Observed versus estimated actual trend of COVID-19 case numbers in Cameroon: A data-driven modelling

Infect Dis Model. 2023 Mar;8(1):228-239. doi: 10.1016/j.idm.2023.02.001. Epub 2023 Feb 8.

Abstract

Controlling the COVID-19 outbreak remains a challenge for Cameroon, as it is for many other countries worldwide. The number of confirmed cases reported by health authorities in Cameroon is based on observational data, which is not nationally representative. The actual extent of the outbreak from the time when the first case was reported in the country to now remains unclear. This study aimed to estimate and model the actual trend in the number of COVID -19 new infections in Cameroon from March 05, 2020 to May 31, 2021 based on an observed disaggregated dataset. We used a large disaggregated dataset, and multilevel regression and poststratification model was applied prospectively for COVID-19 cases trend estimation in Cameroon from March 05, 2020 to May 31, 2021. Subsequently, seasonal autoregressive integrated moving average (SARIMA) modeling was used for forecasting purposes. Based on the prospective MRP modeling findings, a total of about 7450935 (30%) of COVID-19 cases was estimated from March 05, 2020 to May 31, 2021 in Cameroon. Generally, the reported number of COVID-19 infection cases in Cameroon during this period underestimated the estimated actual number by about 94 times. The forecasting indicated a succession of two waves of the outbreak in the next two years following May 31, 2021. If no action is taken, there could be many waves of the outbreak in the future. To avoid such situations which could be a threat to global health, public health authorities should effectively monitor compliance with preventive measures in the population and implement strategies to increase vaccination coverage in the population.
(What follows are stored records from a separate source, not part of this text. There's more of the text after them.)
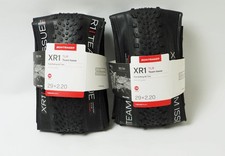 2 pneumatici MTB Bontrager XR1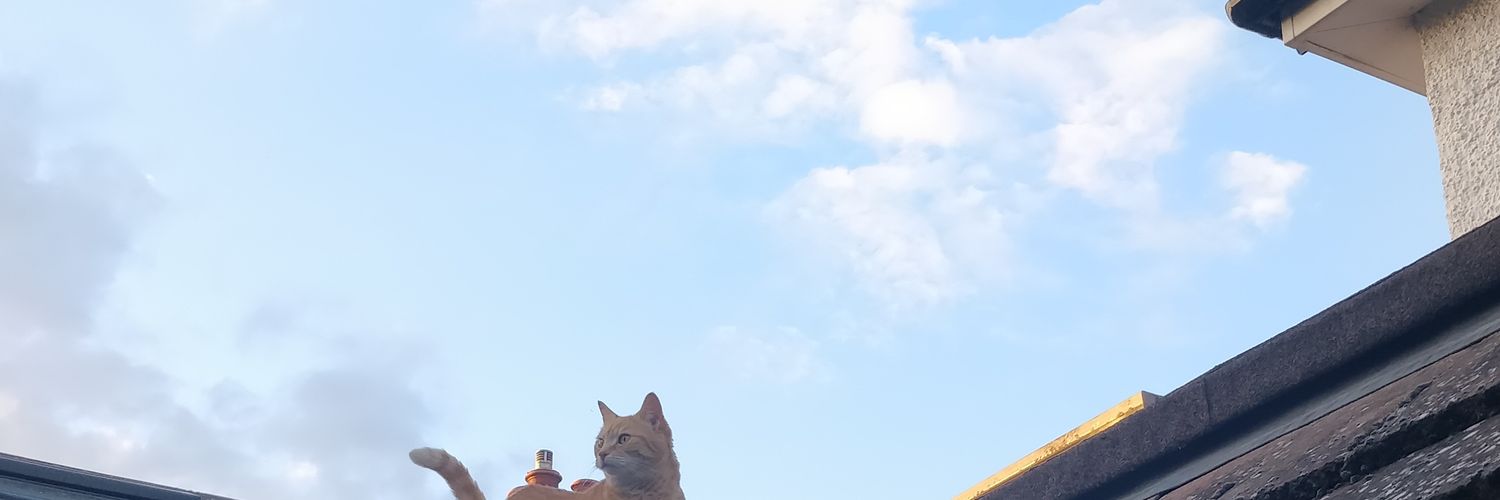 wwms63's profile banner image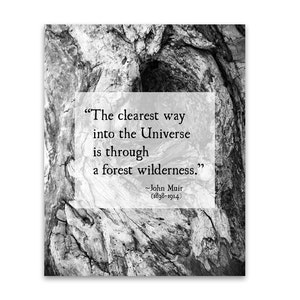 John Muir Quote, Wilderness Quote Print, Tree Bark Photo, Universe Quote, Inspirational Quote, Forest, Nature Quote, Unframed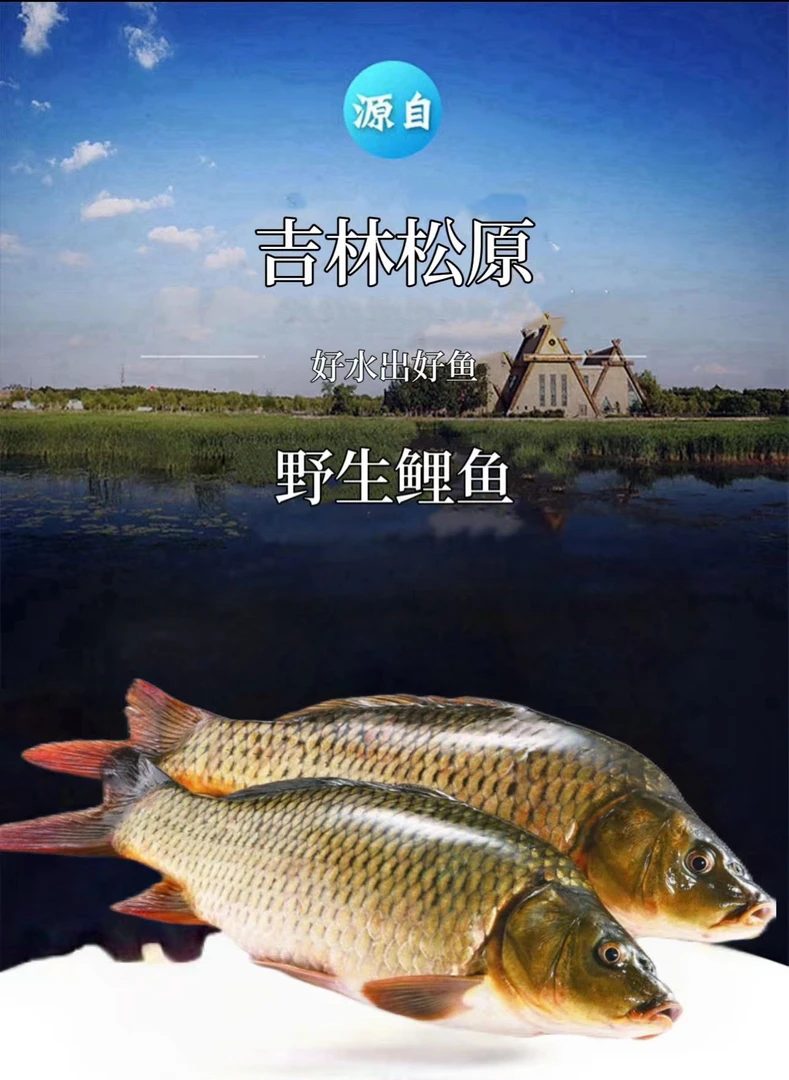 东北冬捕冷水鲤鱼5--20斤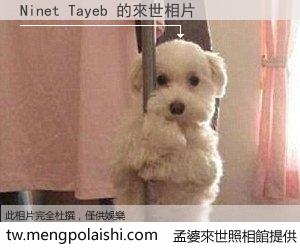 Ninet Tayeb 來世的未來相片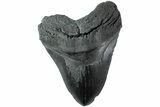 Huge, Fossil Megalodon Tooth - South Carolina #236058-1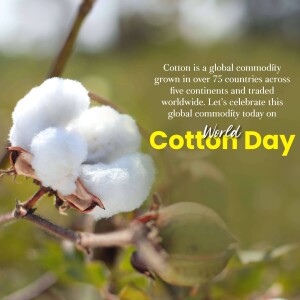World Cotton Day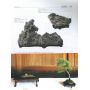 EPUISE BONSAI FOCUS N° 75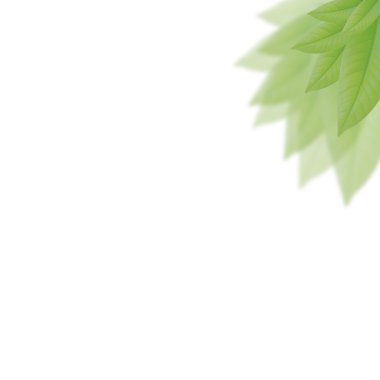 taze ve yeşil yaprak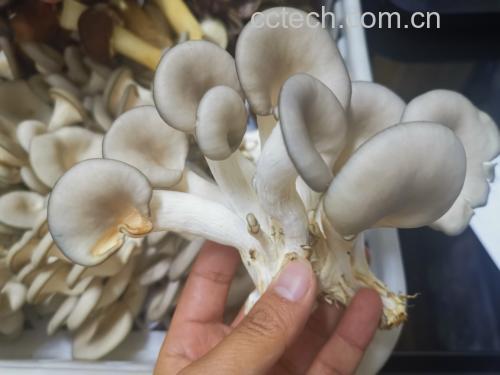 炸平菇成品图
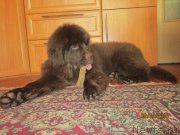 Превью фото № 178934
Keywords: ACF, Autocorrelation Function; AIC, Akaike information criterion; COVID-19; COVID-19, Coronavirus Disease 2019; Cameroon; Forecasting; MAE, Mean Absolute Error; MAPE, Mean Absolute Percentage Error; MASE, Mean Absolute Scaled Error; ME, Mean Error; MPE, Mean Percentage Error; MRP, Multilevel Regression and Post-stratification; Observed; PACF, Partial Autocorrelation Function; PLACARD, Platform for Collecting, Analyzing and Reporting Data; Post-stratification; SARIMA, Seasonal Autoregressive integrated moving average; SARS-CoV-2, Severe Acute Respiratory Syndrome Coronavirus 2; Underestimated.